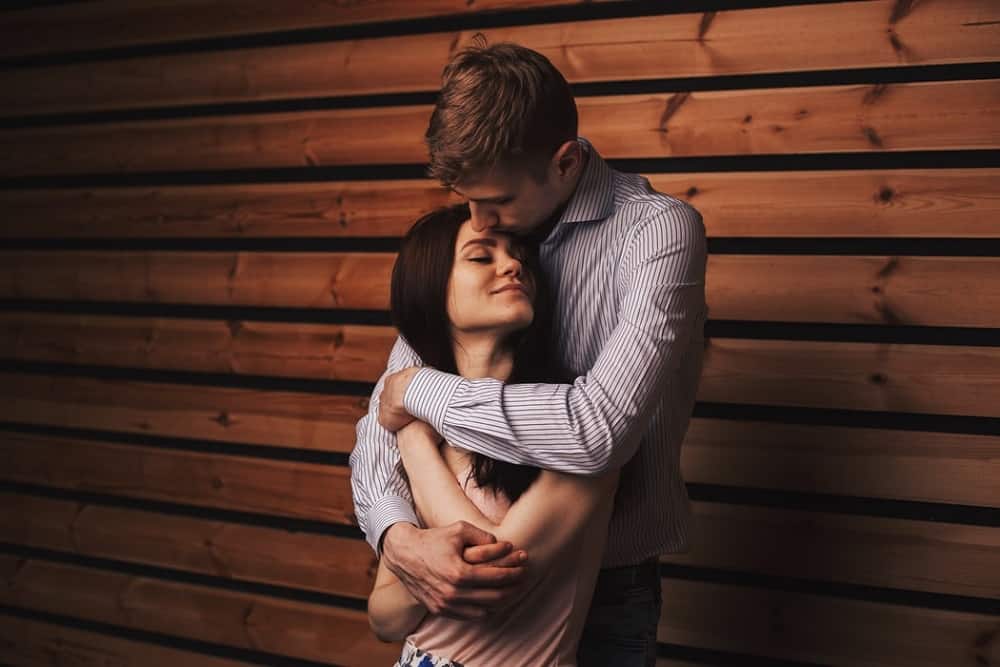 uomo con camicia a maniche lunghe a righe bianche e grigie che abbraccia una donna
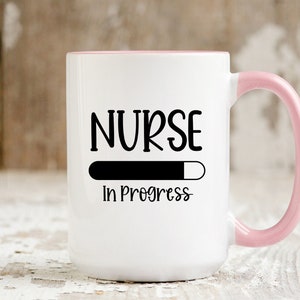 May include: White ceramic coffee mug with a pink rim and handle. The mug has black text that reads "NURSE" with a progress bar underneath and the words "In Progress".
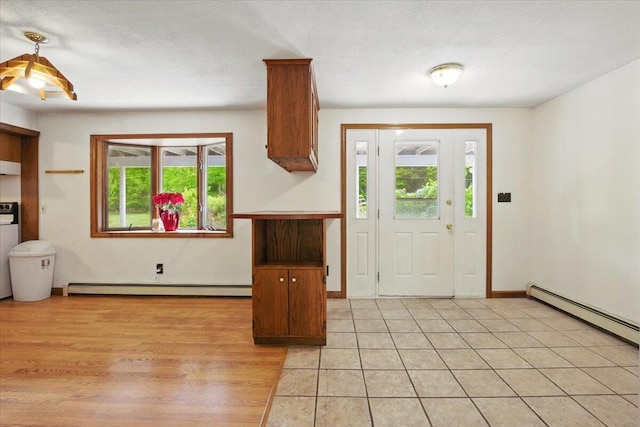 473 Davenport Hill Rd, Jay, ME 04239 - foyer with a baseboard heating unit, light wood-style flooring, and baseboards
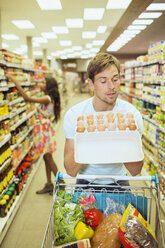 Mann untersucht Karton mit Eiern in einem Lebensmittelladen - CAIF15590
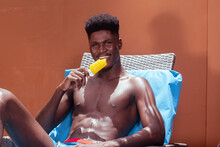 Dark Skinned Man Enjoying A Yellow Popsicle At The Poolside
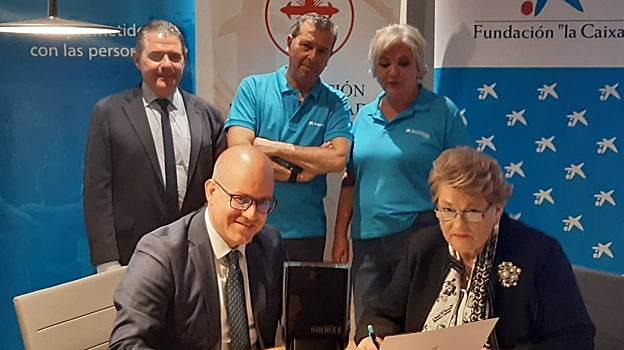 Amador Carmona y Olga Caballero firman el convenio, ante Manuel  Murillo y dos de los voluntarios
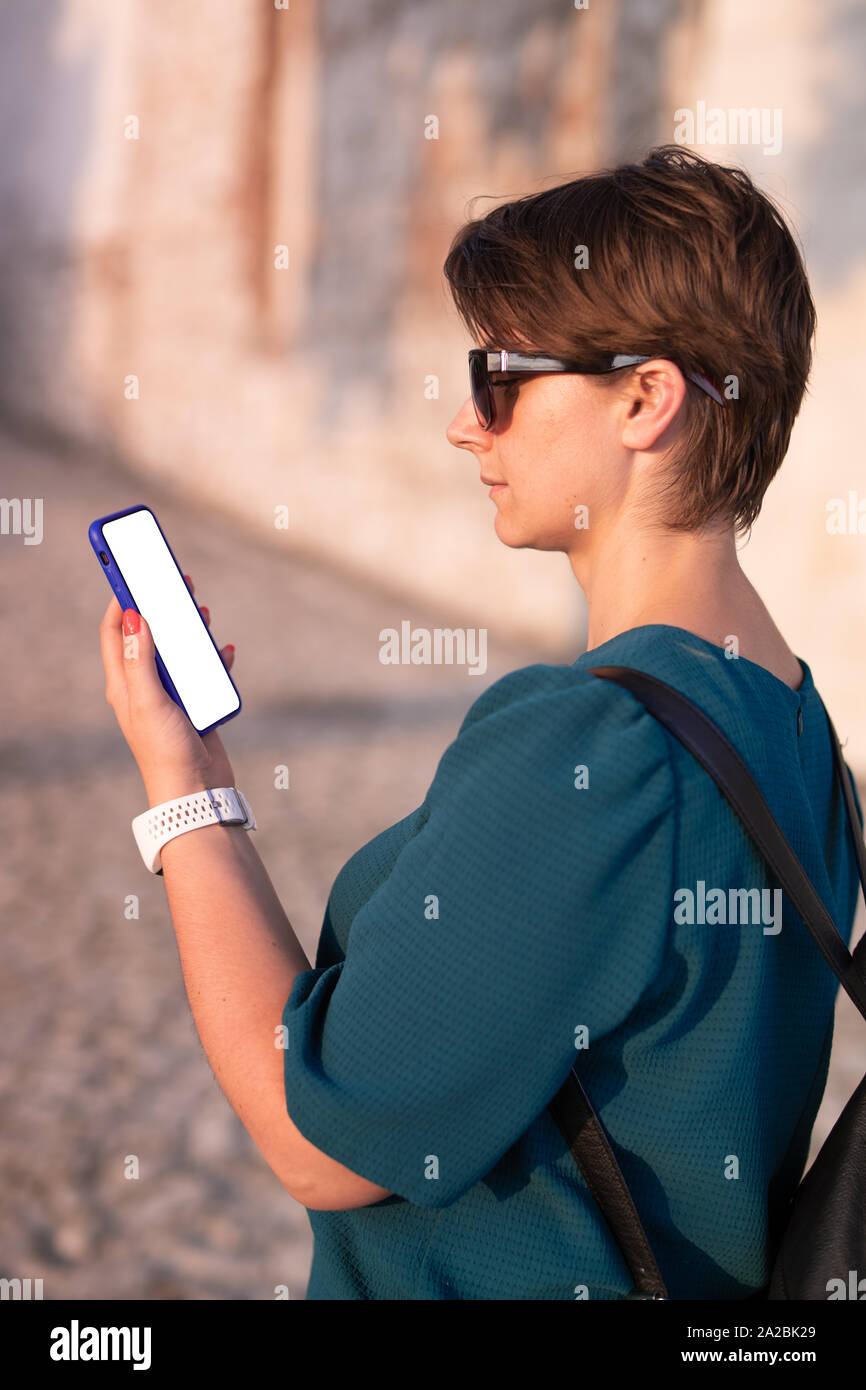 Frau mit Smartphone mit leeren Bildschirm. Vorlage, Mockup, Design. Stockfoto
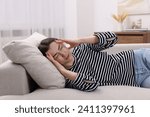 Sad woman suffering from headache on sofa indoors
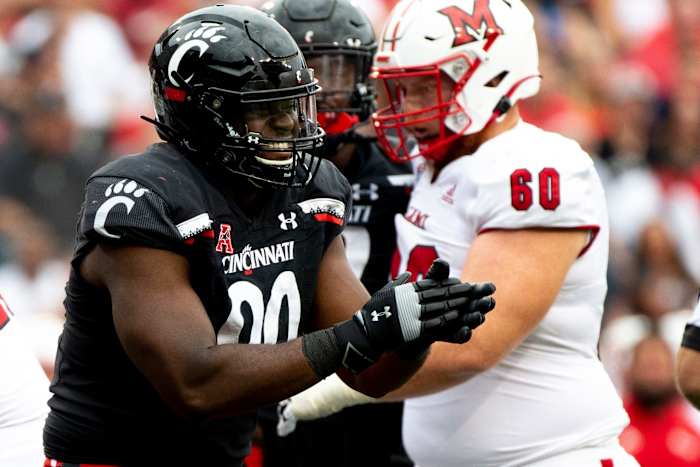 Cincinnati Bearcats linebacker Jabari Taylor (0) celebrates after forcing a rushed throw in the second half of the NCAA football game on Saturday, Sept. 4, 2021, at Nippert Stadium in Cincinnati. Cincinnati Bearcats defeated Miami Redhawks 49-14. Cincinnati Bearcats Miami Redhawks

◆ TASK OBJECTIVE
In your copy, include no pictures, but reproduce all records exactly.

◆ WRITTEN ANSWER
 uomo con camicia a maniche lunghe a righe bianche e grigie che abbraccia una donna
 May include: White ceramic coffee mug with a pink rim and handle. The mug has black text that reads "NURSE" with a progress bar underneath and the words "In Progress".
 473 Davenport Hill Rd, Jay, ME 04239 - foyer with a baseboard heating unit, light wood-style flooring, and baseboards
 Mann untersucht Karton mit Eiern in einem Lebensmittelladen - CAIF15590
 Dark Skinned Man Enjoying A Yellow Popsicle At The Poolside
 Amador Carmona y Olga Caballero firman el convenio, ante Manuel  Murillo y dos de los voluntarios
 Frau mit Smartphone mit leeren Bildschirm. Vorlage, Mockup, Design. Stockfoto
 Sad woman suffering from headache on sofa indoors
 Cincinnati Bearcats linebacker Jabari Taylor (0) celebrates after forcing a rushed throw in the second half of the NCAA football game on Saturday, Sept. 4, 2021, at Nippert Stadium in Cincinnati. Cincinnati Bearcats defeated Miami Redhawks 49-14. Cincinnati Bearcats Miami Redhawks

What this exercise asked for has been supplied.